══ Extracted records

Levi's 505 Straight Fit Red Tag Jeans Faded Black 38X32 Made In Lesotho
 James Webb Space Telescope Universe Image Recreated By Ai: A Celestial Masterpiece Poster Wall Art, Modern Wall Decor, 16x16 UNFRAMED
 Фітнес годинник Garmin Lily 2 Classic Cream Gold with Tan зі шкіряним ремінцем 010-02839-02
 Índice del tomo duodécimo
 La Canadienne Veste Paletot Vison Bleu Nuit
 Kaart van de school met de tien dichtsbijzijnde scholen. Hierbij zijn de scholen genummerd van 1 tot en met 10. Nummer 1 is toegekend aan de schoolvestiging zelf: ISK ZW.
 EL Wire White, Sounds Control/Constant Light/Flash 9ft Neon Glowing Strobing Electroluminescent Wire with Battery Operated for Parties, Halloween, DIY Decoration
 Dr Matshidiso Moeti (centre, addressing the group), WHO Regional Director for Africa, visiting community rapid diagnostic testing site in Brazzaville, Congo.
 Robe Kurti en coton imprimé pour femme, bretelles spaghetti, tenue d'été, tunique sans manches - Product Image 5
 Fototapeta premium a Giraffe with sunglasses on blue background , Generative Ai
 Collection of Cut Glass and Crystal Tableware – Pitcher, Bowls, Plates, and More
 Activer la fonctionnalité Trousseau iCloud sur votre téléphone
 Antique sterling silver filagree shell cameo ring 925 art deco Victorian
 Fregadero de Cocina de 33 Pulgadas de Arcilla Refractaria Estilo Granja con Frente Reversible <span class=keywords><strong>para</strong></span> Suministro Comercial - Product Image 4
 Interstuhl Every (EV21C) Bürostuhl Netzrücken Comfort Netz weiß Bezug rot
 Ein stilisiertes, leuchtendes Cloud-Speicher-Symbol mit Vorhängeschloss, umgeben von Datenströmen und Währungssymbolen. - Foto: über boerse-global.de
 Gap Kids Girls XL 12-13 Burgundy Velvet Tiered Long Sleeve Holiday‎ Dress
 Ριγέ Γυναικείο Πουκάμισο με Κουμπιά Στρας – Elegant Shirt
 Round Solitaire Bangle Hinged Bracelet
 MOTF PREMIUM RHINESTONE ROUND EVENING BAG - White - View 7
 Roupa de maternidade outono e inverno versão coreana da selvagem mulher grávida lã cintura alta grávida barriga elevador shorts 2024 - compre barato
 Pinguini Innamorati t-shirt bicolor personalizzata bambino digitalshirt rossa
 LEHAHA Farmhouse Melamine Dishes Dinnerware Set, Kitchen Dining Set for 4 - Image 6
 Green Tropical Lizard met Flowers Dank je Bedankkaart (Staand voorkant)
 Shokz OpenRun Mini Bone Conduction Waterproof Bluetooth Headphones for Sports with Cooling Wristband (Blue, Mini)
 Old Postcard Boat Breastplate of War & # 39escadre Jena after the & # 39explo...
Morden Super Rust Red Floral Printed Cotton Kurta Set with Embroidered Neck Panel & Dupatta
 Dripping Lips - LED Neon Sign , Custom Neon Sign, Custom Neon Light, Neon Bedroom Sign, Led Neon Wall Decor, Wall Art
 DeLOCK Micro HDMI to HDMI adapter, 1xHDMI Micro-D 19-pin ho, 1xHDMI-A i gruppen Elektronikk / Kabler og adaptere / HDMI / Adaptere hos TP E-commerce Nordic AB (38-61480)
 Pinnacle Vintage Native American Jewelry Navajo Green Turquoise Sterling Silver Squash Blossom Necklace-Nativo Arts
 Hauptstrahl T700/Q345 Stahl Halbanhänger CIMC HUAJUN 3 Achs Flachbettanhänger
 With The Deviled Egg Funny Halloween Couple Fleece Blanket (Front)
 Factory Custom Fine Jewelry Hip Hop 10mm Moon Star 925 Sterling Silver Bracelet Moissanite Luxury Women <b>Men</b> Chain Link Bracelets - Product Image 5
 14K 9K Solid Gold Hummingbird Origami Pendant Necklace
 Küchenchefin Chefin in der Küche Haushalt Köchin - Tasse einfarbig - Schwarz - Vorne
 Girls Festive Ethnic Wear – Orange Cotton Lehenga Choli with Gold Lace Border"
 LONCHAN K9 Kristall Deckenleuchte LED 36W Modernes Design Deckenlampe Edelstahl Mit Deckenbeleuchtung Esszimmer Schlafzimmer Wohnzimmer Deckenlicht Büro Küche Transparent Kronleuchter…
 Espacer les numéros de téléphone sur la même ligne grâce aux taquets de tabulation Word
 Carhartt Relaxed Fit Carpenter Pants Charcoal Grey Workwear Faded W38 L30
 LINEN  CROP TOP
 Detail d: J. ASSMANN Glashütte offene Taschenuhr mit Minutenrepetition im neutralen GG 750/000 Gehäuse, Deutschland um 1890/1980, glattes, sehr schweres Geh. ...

════

From the listing above, output exactly the run of lines that starts with the line containing "Kaart van de" and ends with the line containing "Interstuhl Every (EV21C)".

### Response
 Kaart van de school met de tien dichtsbijzijnde scholen. Hierbij zijn de scholen genummerd van 1 tot en met 10. Nummer 1 is toegekend aan de schoolvestiging zelf: ISK ZW.
 EL Wire White, Sounds Control/Constant Light/Flash 9ft Neon Glowing Strobing Electroluminescent Wire with Battery Operated for Parties, Halloween, DIY Decoration
 Dr Matshidiso Moeti (centre, addressing the group), WHO Regional Director for Africa, visiting community rapid diagnostic testing site in Brazzaville, Congo.
 Robe Kurti en coton imprimé pour femme, bretelles spaghetti, tenue d'été, tunique sans manches - Product Image 5
 Fototapeta premium a Giraffe with sunglasses on blue background , Generative Ai
 Collection of Cut Glass and Crystal Tableware – Pitcher, Bowls, Plates, and More
 Activer la fonctionnalité Trousseau iCloud sur votre téléphone
 Antique sterling silver filagree shell cameo ring 925 art deco Victorian
 Fregadero de Cocina de 33 Pulgadas de Arcilla Refractaria Estilo Granja con Frente Reversible <span class=keywords><strong>para</strong></span> Suministro Comercial - Product Image 4
 Interstuhl Every (EV21C) Bürostuhl Netzrücken Comfort Netz weiß Bezug rot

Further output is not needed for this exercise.